With reference to the engine shown in FIGS. 4 to 6, again the same reference numerals are used with corresponding parts but in this instance with the letter B. The piston 16B has two return passages 46 and 47 (see especially FIG. 6) formed in it, the passages extending in the circumferential direction through the skirt 23B. Each of the return passages 46 and 47 has one end opening 48 which is exposed to the exhaust duct 33B and second end openings 49 which are exposed to the ducts 36B, when the piston 16B is in the TDC position. Thus, the retained content in the exhaust duct 33B is moved into the return passages 46 and 47 and the ducts 36B. When the piston 16B subsequently moves down and opens the inlet ports 37B, the retained content in the ducts 36B enters the combustion chamber 17B first, ahead of the fresh mixture from the crankcase chamber 18B. In both of the engines of FIGS. 2 to 6, the return passages are aligned or register with the exhaust duct only when the piston is adjacent the TDC position.

In the engines shown in FIGS. 2 to 6, the return passages are formed at least in part through the piston, and the piston functions as a valve which opens and closes the return passages as it reciprocates. In the engine shown in FIGS. 7 to 9, the return passages are formed entirely in the block 11C.

With particular reference to FIG. 9, return passages 51 are formed in the block 11C. One end 52 of each passage 51 opens into the exhaust duct 33C and the other end 53 of each passage 51 opens into a scavenging duct 36C also formed in the block 11C. A one-way or check valve 54, such as a reed valve, is mounted in each return passage 51 and allows flow only in the direction from the exhaust duct 33C to the scavenging duct 36C.

The engine of FIGS. 7 to 9 functions similarly to those shown in FIGS. 2 to 6. The valves 54 prevent fresh mixture from flowing into the exhaust duct 33C during the scavenging portion of the engine cycle.

In the engines shown in FIGS. 2 to 9, the inlet flow passage for the fresh mixture is formed in the cylinder wall and the inlet flow is controlled by the movement of the piston. Instead, as illustrated in FIG. 10, the inlet flow passage for the fresh mixture may lead directly into the crankcase in all of the embodiments disclosed herein.

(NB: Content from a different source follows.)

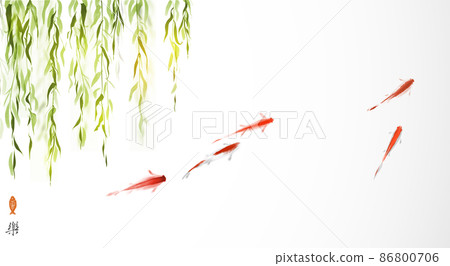 Green willow and red fishes in water. Traditional oriental ink painting sumi-e, u-sin, go-hua. Translation of hieroglyph - joy Green willow and red fishes in water. Traditional oriental ink painting sumi-e, u-sin, go-hua. Translation of hieroglyph - joy 86800706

With specific reference to FIG. 10, the engine includes a block lid and a crankcase 12D which forms a crankcase chamber 18D. A piston 16D reciprocates in a chamber 17D, the piston including a cylindrical skirt 23D.

In this embodiment of the invention, an inlet flow passage or duct 31D connects a carburetor (not shown in FIG. 10) to the crankcase chamber 18D. An intake valve 31E is mounted in the duct 31D and controls the flow of the fresh gas into the chamber 18D. While a variety of valve types, such as a reed valve or a rotary valve, may be used, a reed valve 31F is shown in FIG. 10. The valve 31E opens to allow the flow of fresh gas into the chamber 18D when the piston 16D moves up and forms a partial vacuum in the chamber 18D. The valve 31E closes when the piston moves down. The other parts of the engine are constructed and operate similarly to those of the embodiment shown in FIGS. 2 and 3. In an embodiment wherein the valve 31E comprises a rotary valve, the rotary valve is coupled to be rotated in timed relation with the movement of the piston. This may be accomplished by a gear coupling between the crankshaft and the rotary valve. The rotary valve would be configured and rotated such that the inlet flow passage is open only during the time that the piston is moving upwardly to the TDC position.

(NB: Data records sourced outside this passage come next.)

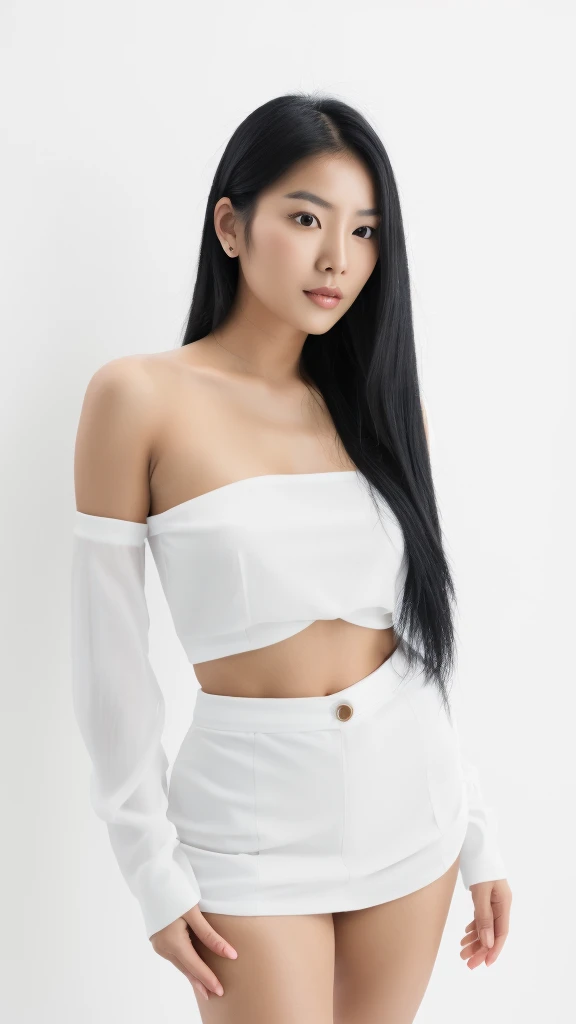 Beautiful asian girl, mid 30s, with black hair, and white clothes. Pose like a model. White background, bright ambience. Model photoshoot, Studio lighting, Beauty photoshoot, 8K resolutions, super realistic skin.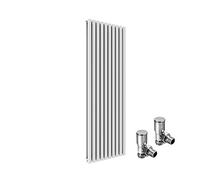 ELEGANT 1800x590mm Vertical Designer Radiators White Tall Upright Oval Column Double Panel Modern Bathroom Central Heating Rad with Free Angled Valves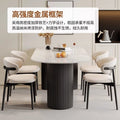 French cream half-round rock slab dining table and chairs - modern minimalist italian style dining set for small spaces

Further, the embodiments shown in FIGS. 4 to 9 may have the inlet duct connected to the crankcase chamber as shown in FIG. 10 instead of to the cylinder wall as shown in FIGS. 4 to 9.

It will be apparent from the foregoing that an engine in accordance with this invention has reduced exhaust emissions. The fresh mixture and burnt gas in the retained content of the exhaust duct are returned and recirculated into the combustion chamber rather than expelled through the muffler, thereby reducing the engine emissions into the environment.